Overall, the assessment of the challenges shows that the challenges identified in the interview study (1) are also known to other practitioners and (2) differ in frequency and criticality. The first aspect underlines the necessity of our research and confirms our experience with the existing poor quality of test case specifications. The latter enables the prioritization of challenges that can be used to determine the order in which they should solved. Above all, quality assurance related problems (M8) are to be mentioned here, as these are increasingly being evaluated more frequently and critically than others. In this respect, the development of reliable metrics and of suitable review processes for automotive test case specifications are emerging as future research directions.

RQ4: Differences of identified challenges between external and internal employees

In order to validate the individual challenges of a category, the survey participants were first asked whether the challenge in question occurred or not, to which they could respond with “does occur” or “does not occur” (cf. Fig. 5). Regarding the answers to these questions, we were able to identify differences between the groups regarding the occurrence of each challenge. Therefore, we used Fisher’s exact test as we described in Section 4.2. We found statistically significant differences between external and internal employees for the following challenges.

There is a significant difference in the occurrence of the challenge C5: No access to relevant documents between external and internal employees. Results show a statistically significant correlation with a medium effect size between external and internal employees concerning missing access to relevant documents, p = 0.022,ϕ = 0.420.

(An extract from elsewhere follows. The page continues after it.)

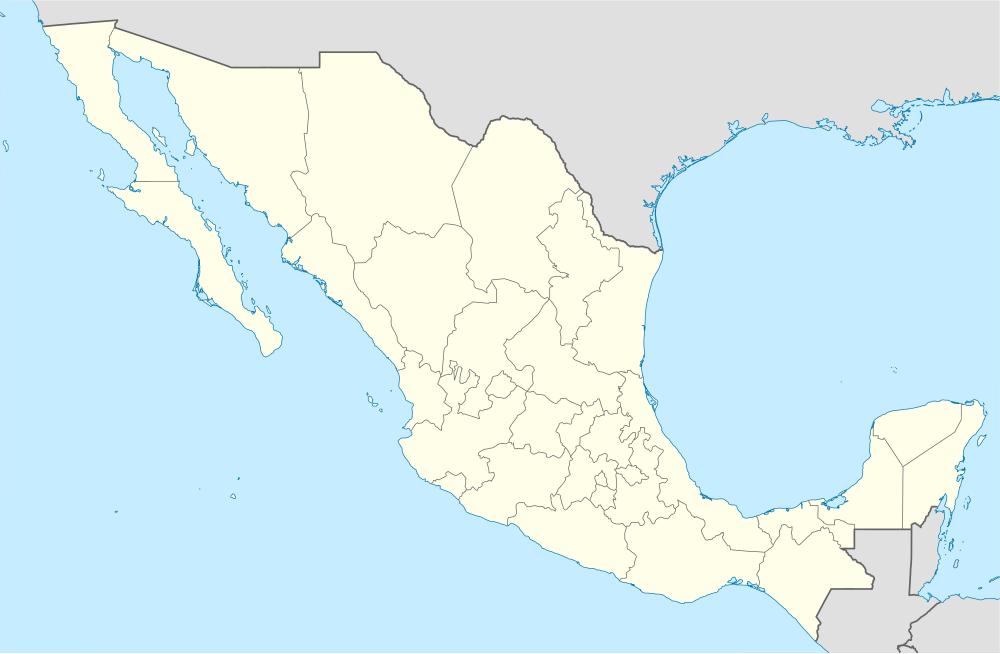 Danh sách di sản thế giới tại México trên bản đồ Mexico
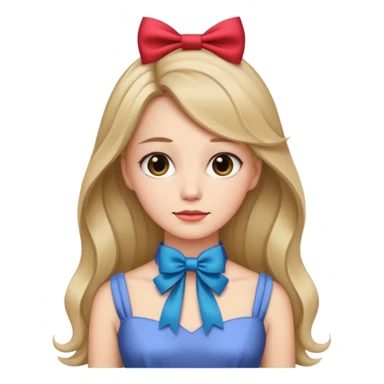 women with neckBow, ling hair style. sticker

As can be seen in Fig. 25, the frequency to which survey participants of each group rated this challenge as “does occur” and “does not occur.” In relation, external employees answered more often with “does occur” (%fext = 90%, Next = 10) than internal employees (%fint = 44%, Nint = 25). For this reason, it is assumed that the challenge of missing access rights to relevant documents (C5) occurs more often for external employees than for internal employees. This also confirms statements by external employees from the interviews that, for example, parts of the requirement specifications are not provided to which links exist. In contrast, internal employees are sometimes unsure what may or may not be given to external employees.

Fig. 25
figure 25

Frequency of answers for challenge C5: No access to relevant documents

Another significant difference can be observed in relation to challenge C10: Incomplete requirements exist. Results show a statistically significant correlation with a medium effect size between internal and external employees and the occurrence of incomplete requirements in specifications, p = 0.014,ϕ = − 0.499.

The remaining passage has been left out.